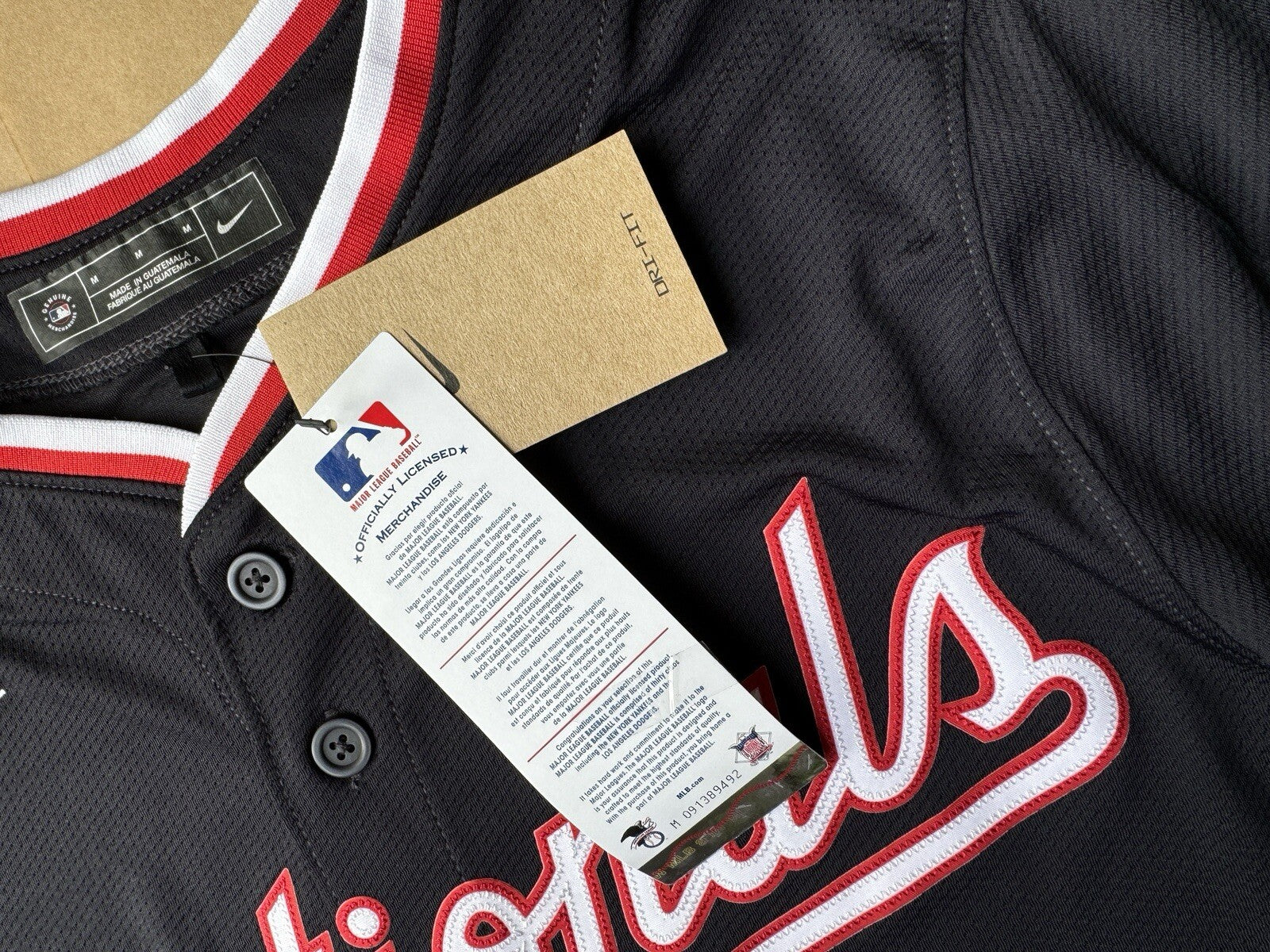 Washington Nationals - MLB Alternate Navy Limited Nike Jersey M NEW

* * *

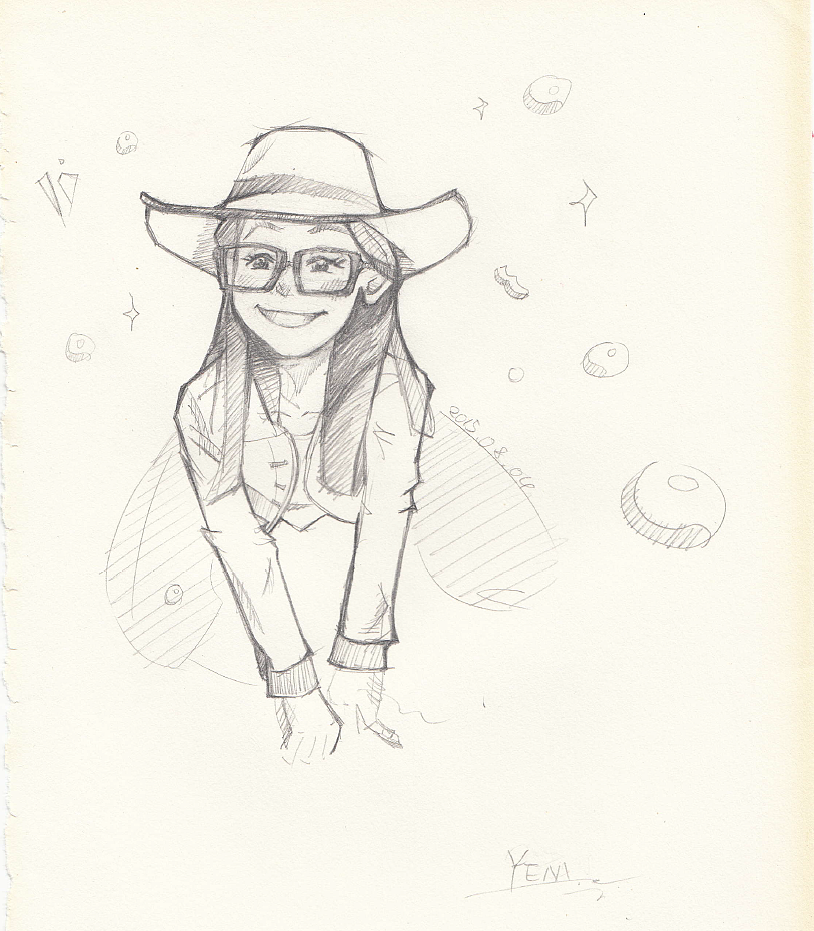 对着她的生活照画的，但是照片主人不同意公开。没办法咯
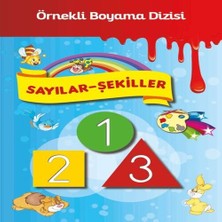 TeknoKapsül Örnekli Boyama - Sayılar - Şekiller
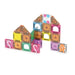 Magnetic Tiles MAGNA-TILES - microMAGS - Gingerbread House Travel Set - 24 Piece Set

Task to carry out: Reproduce, word for word, everything in the listing above from the line containing "对着她的生活照画的，但是照片主人不同意公开。没办法咯" down to the line containing "Magnetic Tiles MAGNA-TILES", both of them included. No pictures.

Result:
 对着她的生活照画的，但是照片主人不同意公开。没办法咯
 TeknoKapsül Örnekli Boyama - Sayılar - Şekiller
 Magnetic Tiles MAGNA-TILES - microMAGS - Gingerbread House Travel Set - 24 Piece Set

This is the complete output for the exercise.